I’ve recently ventured into the awesome land of writing a Scheme interpreter, and I’ve run into a roadblock: closures. From what I understand, they encapsulate a local environment with a procedure that gets restored every time the closure is called (this may not be exactly right). The issue that I can’t seem to find anywhere online is how a closure is formally defined i.e., in an EBNF grammar. Most examples I’ve seen say that a closure is a procedure with zero arguments that has a lambda expression nested inside a let expression. Is this the only way to define a Scheme closure? More importantly, if there’s no formal way to formally define a closure, how do you actually interpret it? What happens if you translate all let expressions to lambdas? For example, if I declare a closure as such
(define (foo) (let ((y 0)) (λ (x) (…))))
Then assign it to a variable
(define bar (foo))
In what order is this evaluated? From what I’ve seen, when foo is declared, it stores a pointer to the parent environment, and declares its own environment. If I call (bar), should I substitute in the saved local environment immediately after?

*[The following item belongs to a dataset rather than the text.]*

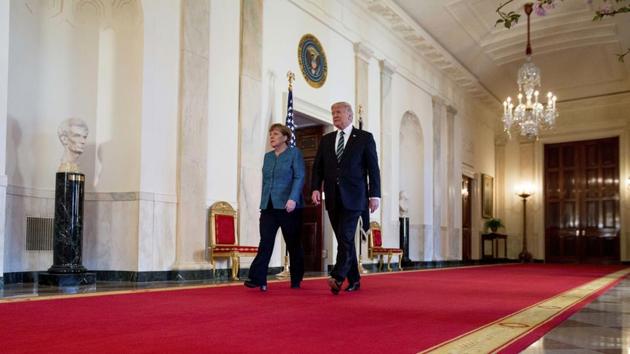 President Donald Trump and German Chancellor Angela Merkel arrive for a joint news conference in the East Room of the White House in Washington, Friday.(AP Photo)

I don't think it's helpful, today, to think of closures as some special magic thing: long ago in languages in the prehistory of Scheme they were, but in modern languages they are not a special thing at all: they just follow from the semantics of the language in an obvious way.

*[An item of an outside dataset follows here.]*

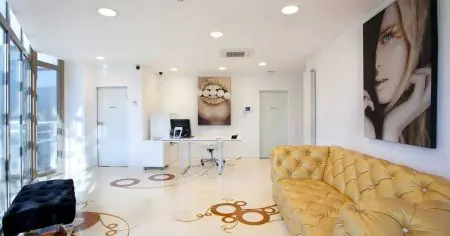 Recepción en Dr. Vlădău Studio con decoración moderna y sofá amarillo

The two important things (these are both quotes from R7RS, both from section 1.1 are these:
Scheme is a statically scoped programming language. Each use of a variable is associated with a lexically apparent binding of that variable.
and
All objects created in the course of a Scheme computation, including procedures and continuations, have unlimited extent.

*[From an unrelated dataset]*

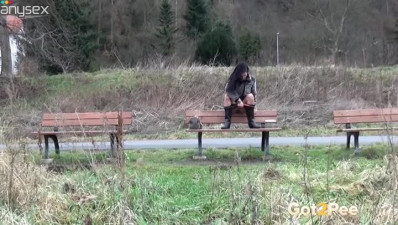 Raven haired petite babe sits on bench and pisses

What this means is that Scheme is a language with lexical scope and indefinite extent: any variable binding exists for as long as there is possibility of reference. And, conveniently, you can always tell statically (ie by reading the code) what bindings a bit of code may refer to.
And the important thing here is that these rules are absurdly simple: there are no weird special cases. If a reference to a variable binding is visible in a bit of code, which you can tell by looking at the code, then it is visible. It's not visible only sometimes, or only during some interval, or only if the Moon is gibbous: it's visible.
But the implication of the rules is that procedures, somehow, need to remember all the bindings that they reference or may reference and which were in scope when they were created. Because scope is static it is always possible to determine which bindings are in scope (disclaimer: I'm not sure how this works formally for global bindings).
So then the very old-fashioned definition of a closure would be a procedure defined in a scope in which bindings to which it refers exist. This would be a closure:
(define x
(let ((y 1))
(λ (z)
(set! y (+ y z))
y)))
And this procedure would return a closure:
(define make-incrementor
(λ (val)
(λ ()
(let ((v val))
(set! val (+ val 1))
v))))
But you can see that in both cases the behaviour of these things just follows immediately from the scope and extent rules of the language: there's no special 'this is a closure' rule.
In the first case the function which ends up as the value of x both refers to and mutates the binding of y as well as referring to the binding of z established when it was called.
In the second case, calling make-incrementor establishes a binding for val, which binding is then referred to and mutated by the function that it returns.
I'm never sure if it helps to understand things to turn all the lets into λs, but the second thing turns into
(define make-incrementor
(λ (val)
(λ ()
((λ (v)
(set! val (+ val 1))
v)
val))))
And you can see now that the function returned by make-incrementor, when called, now immediately calls another function which binds v solely to its argument, which itself is the value of the binding established by make-incrementor: it's doing this simply to keep hold of the pre-increment value of that binding of course.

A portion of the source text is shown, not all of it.